## TASK BRIEF
Below are the entries; count how many lines contain the word "Reversible" and reply with that number alone.

[Opening GIVEN DATA section]

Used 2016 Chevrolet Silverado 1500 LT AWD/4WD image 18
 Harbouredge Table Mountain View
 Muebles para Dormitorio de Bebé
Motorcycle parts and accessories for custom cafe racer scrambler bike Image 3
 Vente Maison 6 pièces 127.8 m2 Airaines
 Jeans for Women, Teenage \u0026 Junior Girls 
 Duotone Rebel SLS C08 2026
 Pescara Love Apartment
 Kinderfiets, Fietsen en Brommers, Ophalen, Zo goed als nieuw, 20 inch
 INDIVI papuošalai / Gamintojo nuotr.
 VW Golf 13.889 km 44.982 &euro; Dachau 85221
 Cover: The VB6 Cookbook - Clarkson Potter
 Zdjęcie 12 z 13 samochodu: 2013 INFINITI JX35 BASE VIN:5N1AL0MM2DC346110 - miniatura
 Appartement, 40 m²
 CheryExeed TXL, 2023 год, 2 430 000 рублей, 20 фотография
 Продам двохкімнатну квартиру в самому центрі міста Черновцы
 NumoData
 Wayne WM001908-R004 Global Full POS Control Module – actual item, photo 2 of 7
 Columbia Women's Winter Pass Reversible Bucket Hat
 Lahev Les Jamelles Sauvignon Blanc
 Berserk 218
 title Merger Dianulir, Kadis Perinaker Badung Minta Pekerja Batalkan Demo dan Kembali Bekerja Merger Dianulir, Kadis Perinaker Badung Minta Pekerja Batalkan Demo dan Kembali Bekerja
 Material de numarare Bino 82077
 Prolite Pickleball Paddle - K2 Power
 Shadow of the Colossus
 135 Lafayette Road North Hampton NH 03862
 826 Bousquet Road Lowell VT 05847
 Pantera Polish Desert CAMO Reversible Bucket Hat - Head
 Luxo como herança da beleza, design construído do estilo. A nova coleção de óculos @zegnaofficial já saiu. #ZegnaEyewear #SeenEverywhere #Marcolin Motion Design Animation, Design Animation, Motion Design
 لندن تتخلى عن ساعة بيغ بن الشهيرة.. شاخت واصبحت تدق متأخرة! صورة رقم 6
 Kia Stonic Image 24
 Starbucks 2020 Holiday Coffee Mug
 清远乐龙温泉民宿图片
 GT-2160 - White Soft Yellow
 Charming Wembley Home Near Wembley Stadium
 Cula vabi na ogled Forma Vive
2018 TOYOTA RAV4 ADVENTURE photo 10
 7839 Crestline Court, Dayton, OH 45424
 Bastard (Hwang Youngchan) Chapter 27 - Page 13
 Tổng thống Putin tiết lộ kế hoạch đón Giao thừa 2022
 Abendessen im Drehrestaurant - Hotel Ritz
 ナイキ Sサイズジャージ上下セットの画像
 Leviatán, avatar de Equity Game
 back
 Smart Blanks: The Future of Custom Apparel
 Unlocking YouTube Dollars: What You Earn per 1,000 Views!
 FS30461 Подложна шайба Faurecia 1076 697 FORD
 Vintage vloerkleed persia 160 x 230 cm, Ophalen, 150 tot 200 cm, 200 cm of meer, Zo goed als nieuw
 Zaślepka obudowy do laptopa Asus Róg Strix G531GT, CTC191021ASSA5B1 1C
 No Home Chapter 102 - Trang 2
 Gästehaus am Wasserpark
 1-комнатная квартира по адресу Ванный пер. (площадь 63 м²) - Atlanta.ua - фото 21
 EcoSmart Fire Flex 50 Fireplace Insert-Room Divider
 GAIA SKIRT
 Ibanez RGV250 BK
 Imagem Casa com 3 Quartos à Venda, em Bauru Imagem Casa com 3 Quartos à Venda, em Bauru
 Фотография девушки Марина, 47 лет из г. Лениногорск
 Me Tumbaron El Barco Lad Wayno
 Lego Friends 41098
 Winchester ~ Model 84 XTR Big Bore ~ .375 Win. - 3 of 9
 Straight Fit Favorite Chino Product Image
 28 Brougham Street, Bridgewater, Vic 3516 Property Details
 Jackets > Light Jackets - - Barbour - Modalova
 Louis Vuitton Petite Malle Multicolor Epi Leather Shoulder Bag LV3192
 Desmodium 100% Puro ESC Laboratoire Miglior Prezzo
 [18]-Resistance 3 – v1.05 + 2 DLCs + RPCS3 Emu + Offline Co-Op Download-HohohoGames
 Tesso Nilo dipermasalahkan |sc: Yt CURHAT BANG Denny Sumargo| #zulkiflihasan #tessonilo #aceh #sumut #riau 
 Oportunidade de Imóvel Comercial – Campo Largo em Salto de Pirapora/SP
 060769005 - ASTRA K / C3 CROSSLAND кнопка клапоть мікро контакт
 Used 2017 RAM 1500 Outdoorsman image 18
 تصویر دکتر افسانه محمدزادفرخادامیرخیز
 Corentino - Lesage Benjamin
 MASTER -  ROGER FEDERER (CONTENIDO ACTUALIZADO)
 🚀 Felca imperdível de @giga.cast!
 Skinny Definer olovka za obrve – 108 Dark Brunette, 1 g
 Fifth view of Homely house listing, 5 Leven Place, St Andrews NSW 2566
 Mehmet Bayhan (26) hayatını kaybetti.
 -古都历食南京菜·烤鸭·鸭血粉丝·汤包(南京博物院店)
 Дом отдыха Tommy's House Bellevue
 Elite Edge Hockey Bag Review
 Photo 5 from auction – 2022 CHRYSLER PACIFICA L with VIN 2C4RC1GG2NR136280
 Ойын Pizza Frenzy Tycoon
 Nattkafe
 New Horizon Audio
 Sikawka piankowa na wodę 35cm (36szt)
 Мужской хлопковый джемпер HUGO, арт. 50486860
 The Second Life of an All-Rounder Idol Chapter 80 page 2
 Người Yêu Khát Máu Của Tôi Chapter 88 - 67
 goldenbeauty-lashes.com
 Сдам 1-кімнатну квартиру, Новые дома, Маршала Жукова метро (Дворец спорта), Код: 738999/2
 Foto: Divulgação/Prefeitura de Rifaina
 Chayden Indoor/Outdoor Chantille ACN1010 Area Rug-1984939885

[Closing GIVEN DATA section]

## SOLUTION
2